Z informacji przekazanych przez Edwarda Marszałka, rzecznika prasowego Regionalnej Dyrekcji Lasów Państwowych w Krośnie, wynika, że zagrożenie pożarowe w lasach Podkarpacia gwałtownie wzrosło, szczególnie w północnej części regionu. Jak informuje, w niektórych punktach pomiarowych ściółka leśna osiąga wilgotność poniżej 10 procent, a to wartość uznawana za krytyczną.
W środę po południu w punkcie pomiarowym w Nadleśnictwie Leżajsk ściółka miała 8,2 procent wilgotności
– podaje Edward Marszałek.
W czerwcu sytuacja była jeszcze stabilna. Wówczas nie ogłaszano trzeciego stopnia zagrożenia pożarowego. Jednak lipiec przynosi skrajnie niebezpieczne warunki. Wysokie temperatury, brak opadów i przesuszone runo leśne w połączeniu tworzą realne ryzyko poważnych pożarów, także w miejscach, które wcześniej uchodziły za odporne na ogień.

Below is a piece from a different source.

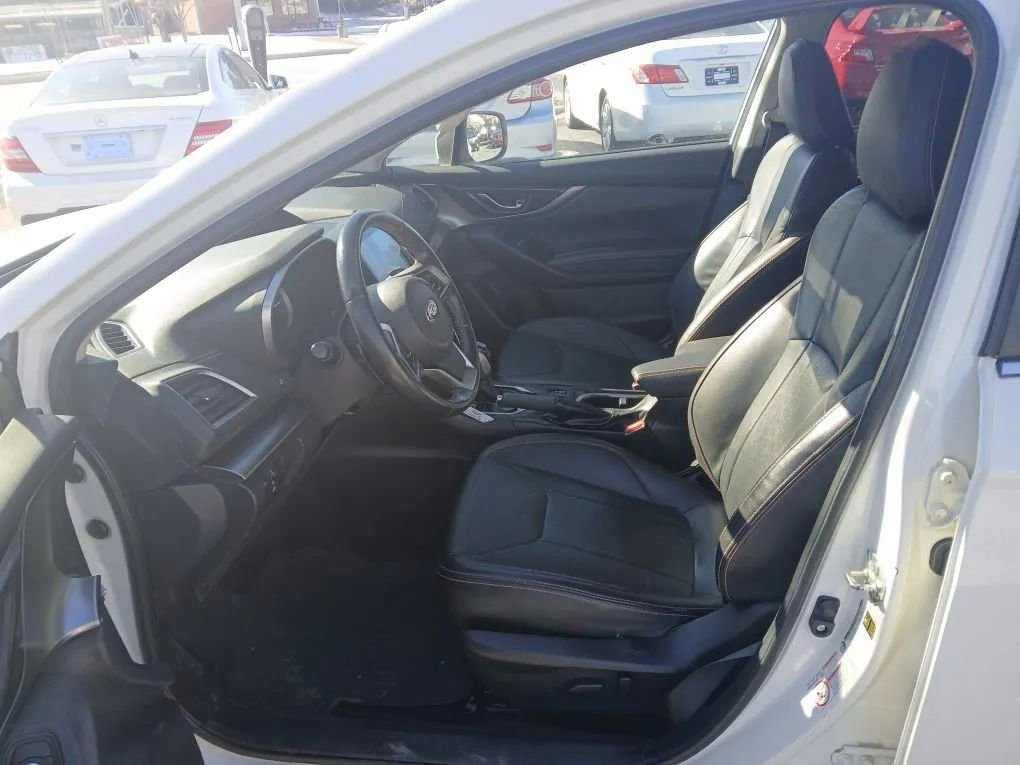 Used 2018 Subaru Crosstrek 2.0i Limited image 11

Zdarzenie w Nadleśnictwie Komańcza
O skali zagrożenia świadczy fakt, że na terenie Nadleśnictwa Komańcza odnotowano pożar, jakiego nie było tam od ponad 30 lat. Do zdarzenia doszło w leśnictwie Radoszyce, gdzie spaliło się około 30 arów poszycia leśnego. Ogień objął drzewostan powstały na gruntach porolnych ponad sześć dekad temu.Nie był to jednak jedyny przypadek w ostatnich dniach. Jak relacjonuje Edward Marszałek, 2 lipca po południu pożar wybuchł także na terenie Nadleśnictwa Głogów. Tam spaleniu uległo kolejne 30 arów pokrywy gleby w starszym drzewostanie oraz częściowo młoda uprawa leśna.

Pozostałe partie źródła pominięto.